Help! How to vectorise this loop?

I have this double for-loop

for (int j1 = NTAB + 7; j1 >= 0; j1–) {
for (int n = 0; n < PATH_N; n++)
{
k[n] = idum[n] / IQ;
idum[n] = IA * (idum[n] - k[n] * IQ) - IR * k[n];
if (idum[n] < 0) idum[n] += IM;
}
if (j1 < NTAB)
{
for (int n = 0; n < PATH_N; n++)
{
iv[j1][n] = idum[n];
}
}
}

How to vectorise this double for-loop for Cuda? Each iteration in the outer loop is dependent on the results from the previous iterations (eg: idum)…

It looks like the dependencies are strictly in one dimension? That is, iv[j1][n] is only dependent on idum[n]? If so, you should be able to vectorize along n without any side effects by vectorizing the inner loop to multiple threads, while leaving the outer loop as is. Otherwise, you’ll have to synchronize at each step of the outer loop, which would only be practical for large values of PATH_N and small values of NTAB.
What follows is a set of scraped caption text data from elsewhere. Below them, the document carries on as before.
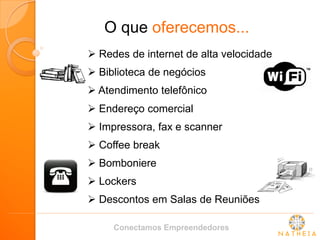 O que oferecemos... 
 Redes de internet de alta velocidade 
 Biblioteca de negócios 
 Atendimento telefônico 
 Endereço comercial 
 Impressora, fax e scanner 
 Coffee break 
 Bomboniere 
 Lockers 
 Descontos em Salas de Reuniões 
Conectamos Empreendedores  
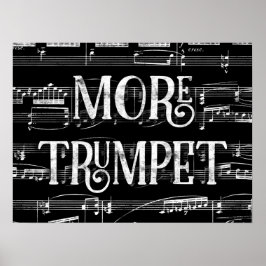 Mehr Trumpet-Chalkboard - Schwarz-weiße Musik Poster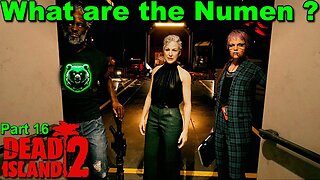 What are the Numen Dead Island 2 Part 16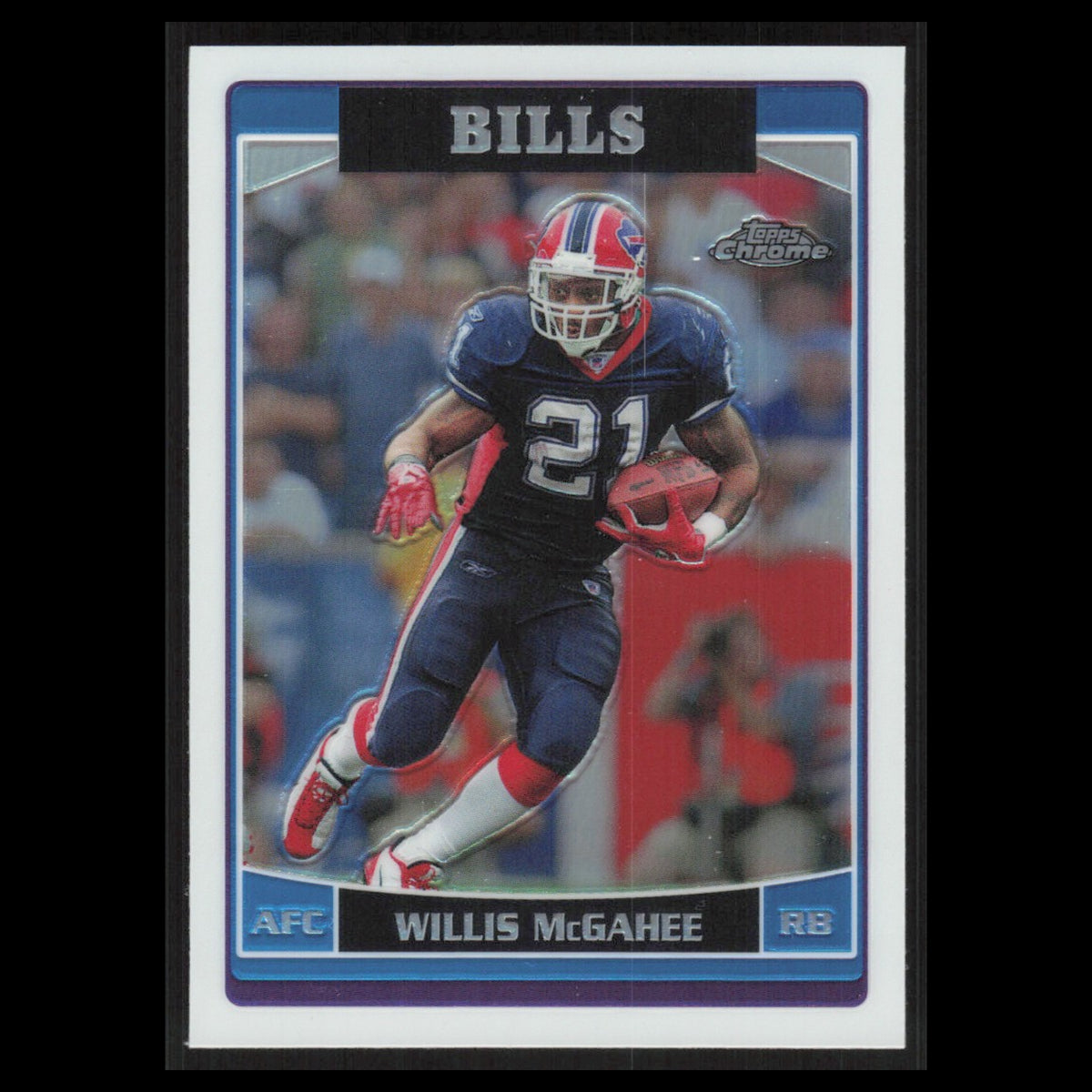 Willis McGahee #23 2006 Topps Chrome Refractor Buffalo Bills Football Card NFL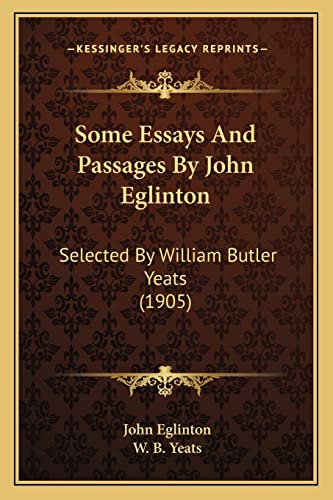 Some Essays And Passages By John Eglinton: Selected By William Butler Yeats (1905)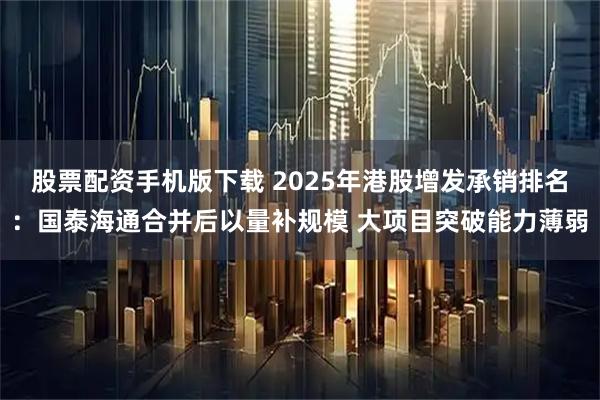 股票配资手机版下载 2025年港股增发承销排名：国泰海通合并后以量补规模 大项目突破能力薄弱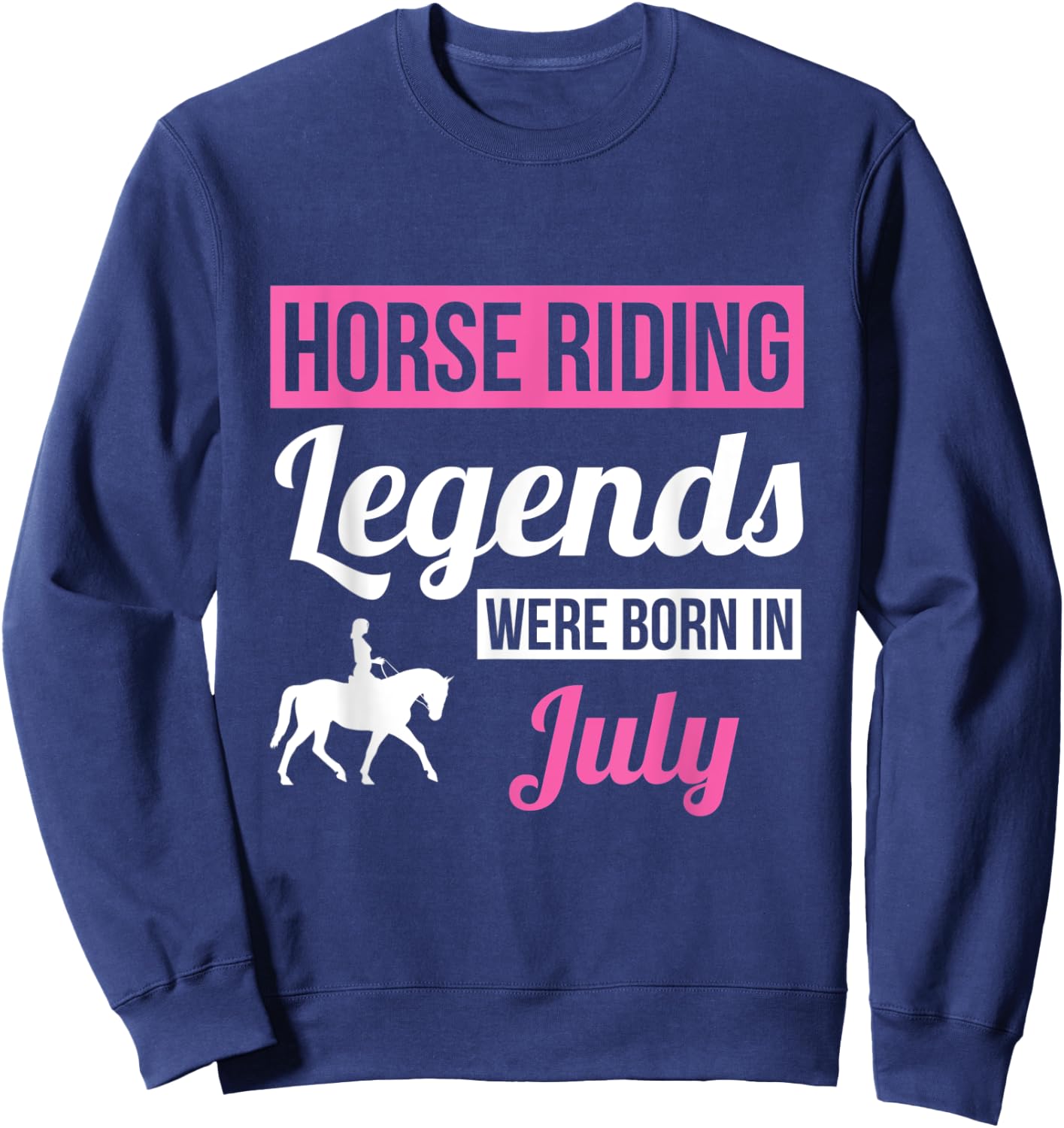 Horse Riding Legends Were Born In July Birthday Gift Horse Sweatshirt - Sweatshirt | Navy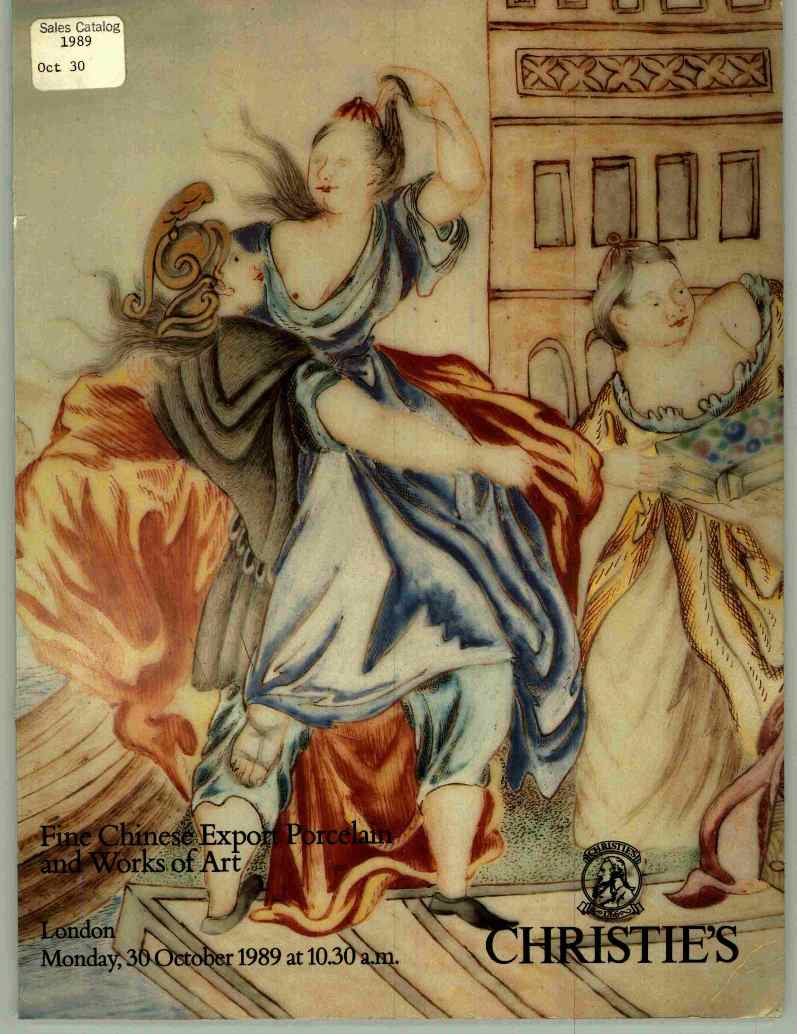 Christies October 1989 Fine Chinese Export Porcelain & Works of (Digital Only)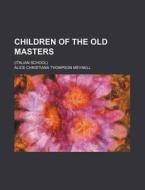Children Of The Old Masters di Alice Christiana Thompson Meynell edito da Rarebooksclub.com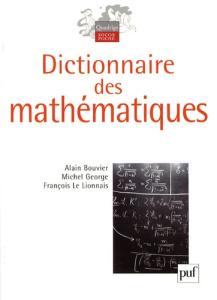 Dictionnaire des mathématiques - Bouvier Alain ; George Michel ; Le Lionnais Franço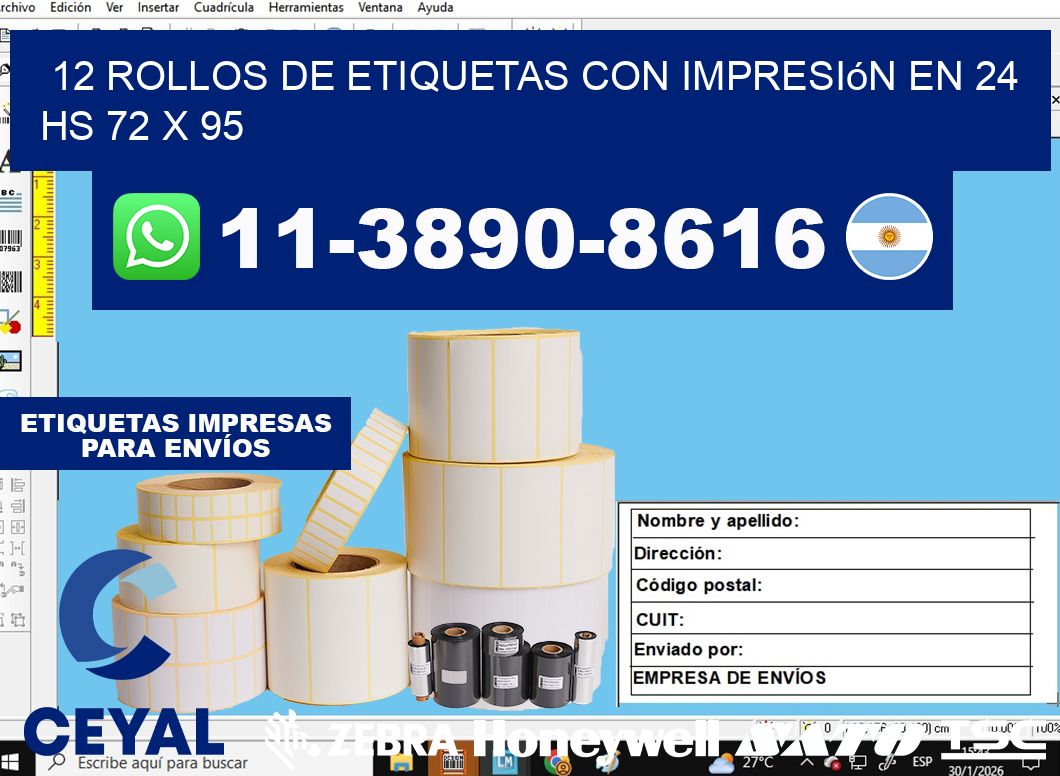 12 rollos de etiquetas con impresión en 24 hs 72 x 95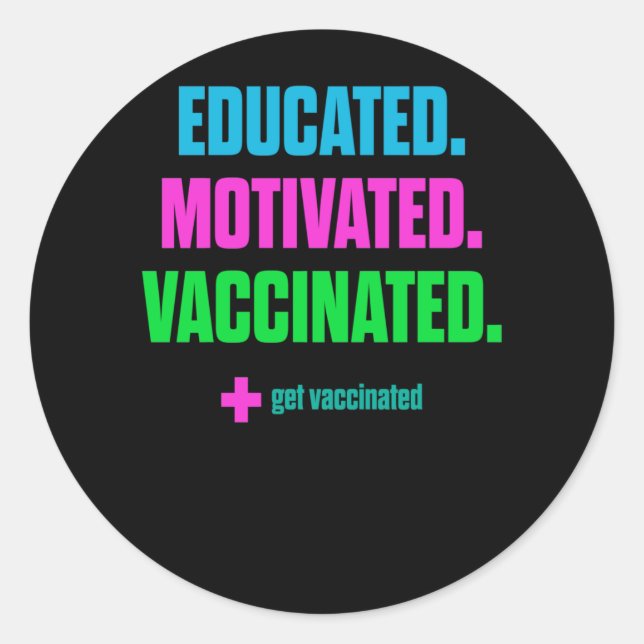 Vaccinated Vaccine Pro Vaccination Get Vaccinated Classic Round Sticker (Front)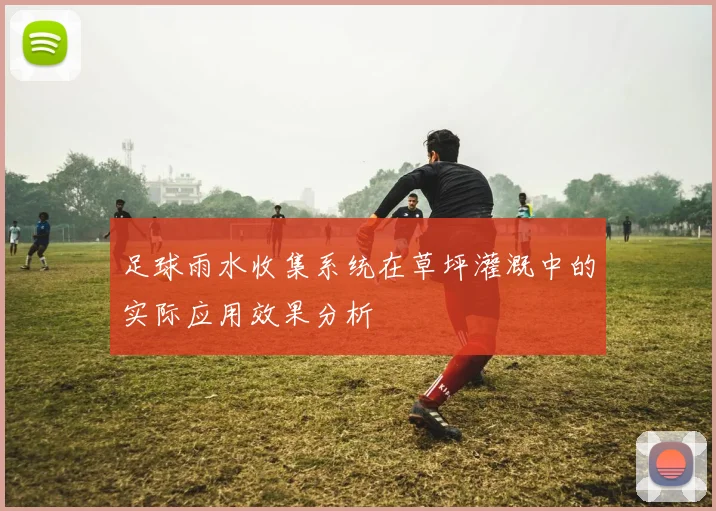 足球雨水收集系统在草坪灌溉中的实际应用效果分析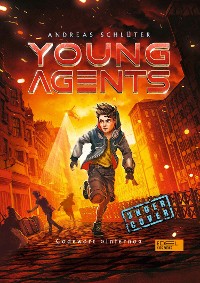 Cover Young Agents (Band 3) – Codewort "Inferno"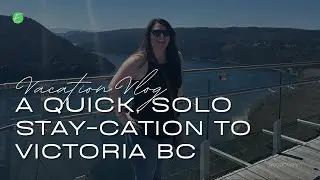Solo Staycation to Victoria, BC, Canada | Butchart Gardens, Fisherman's Wharf, Malahat Skywalk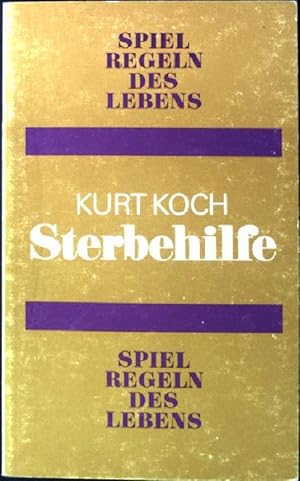 Bild des Verkufers fr Sterbehilfe. Spielregeln des Lebens ; (Nr 3) zum Verkauf von books4less (Versandantiquariat Petra Gros GmbH & Co. KG)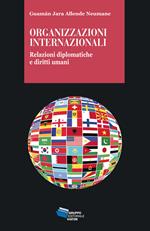 Organizzazioni internazionali. Relazioni diplomatiche e diritti umani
for (int j1 = NTAB + 7; j1 >= 0; j1--) {

	for (int n = 0; n < PATH_N; n++)

	{

		k[n] = idum[n] / IQ;

		idum[n] = IA * (idum[n] - k[n] * IQ) - IR * k[n];

		if (idum[n] < 0) idum[n] += IM;

	}

	if (j1 < NTAB)

	{

		for (int n = 0; n < PATH_N; n++)

		{

			iv[j1][n] = idum[n];

		}

	}

}

to something like

int n = threadIndex;

for (int j1 = NTAB + 7; j1 >= 0; j1--) {

	k[n] = idum[n] / IQ;

	idum[n] = IA * (idum[n] - k[n] * IQ) - IR * k[n];

	if (idum[n] < 0) idum[n] += IM;

	if (j1 < NTAB)

	{

		iv[j1][n] = idum[n];

	}

}

If you could get rid of the (idum[n] <0) idum+= IM; conditional, it might even be possible to compute idum directly from j1, since it looks like it might reduce to a geometric series or something.

What’s with the IQ, though? (idum[n]-k[n]*IQ) = (idum[n]-(idum[n]/IQ)*IQ) = (idum[n]-idum[n]) = 0 for IQ != 0 and NaN otherwise…